I still know this film like the back of my hand, even after having it absent from my life for so long. And I still love it. It’s one of my favourite John Wayne Westerns, which isn’t a common opinion when it comes to Chisum, made in the declining years of the genre, already supplanted by the grittier and amoral Spaghetti Westerns. Chisum still has its conflict between right and wrong, heroes and villains, and its gunplay and action are done for fun, for entertainment purposes. Like so many memorable Westerns, Chisum takes real life, a real history, and rewrites it to make it an entertainment. Most of these characters existed, there was a Lincoln County War, with Chisum on one side, Murphy on the other, and it was brief and bloody. But it never happened the way it did in the movie. That’s good, because all I want from a John Wayne Western is good old-fashioned escapism, and Chisum has that in abundance.
But it has an interesting storyline to it that does go beyond the white hats and black hats of the more simplistic genre entries. New Mexico Territory circa 1870 is shown to be a land in flux. People like Chisum came and staked out their claims, tamed the land to their purposes, but that was as far as it went. With civilisation though come the other things, modernisation, business and industry, so there is an aspect of the film which is about a resistance to change, as well as the inevitability of change. For Chisum it becomes a choice between the change he is willing to accept, and the change that he is not. Given that Murphy is such an inveterate villain, there becomes a moral imperative to resist that change which doesn’t leave much room for nuance, but the film does have its reflective and thoughtful side to it, with Wayne’s Chisum presented as a fatherly, wise man who has earned his wisdom through harsh experience.
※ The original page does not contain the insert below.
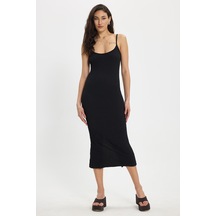 Tudors Kadın Slim Fit Vücuda Oturan Askılı Likralı Midi Boy Siyah Elbise-50317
While the veterans of Western cinema drive the story in the film, it’s the ‘next generation’ of Western stars who hold the emotional arc of the film (or they would have been the next generation had the genre maintained) Geoffrey Deuel as Billy the Kid, Glenn Corbett as Pat Garrett and Pamela McMyler as Sallie Chisum have the emotional heart of the film, with Sallie a headstrong character who has apparently decided to move in with her uncle in New Mexico to ‘find herself’. There’s a romantic triangle that develops between the three, and again it’s driven by the inevitability of change. Both Pat Garrett and Billy the Kid at this time in their lives are at crossroads. William Bonney has something of a reputation, but he’s been taken under the wing of rancher Henry Tunstall, and is on the path to reform. The events in the story force Billy to choose between his old life and staying true to his mentor’s guidance. Pat Garrett is a buffalo hunter who says he has too much of the smell of death about him, but his path in the story takes him towards respectability.
There is enough going on in the story to give it weight and depth, but really Chisum is a fun, action packed Western with larger than life characters, and deliciously quotable dialogue. The byplay between Chisum and his right-hand-man Pepper (Ben Johnson) is a constant delight, while John Wayne delivers his lines like he’s using his fists. This Blu-ray presents the film in excellent condition, and I can see it getting played as often as that VHS tape did once upon a time. Chisum isn’t the best Western John Wayne ever made, but it is by far my favourite.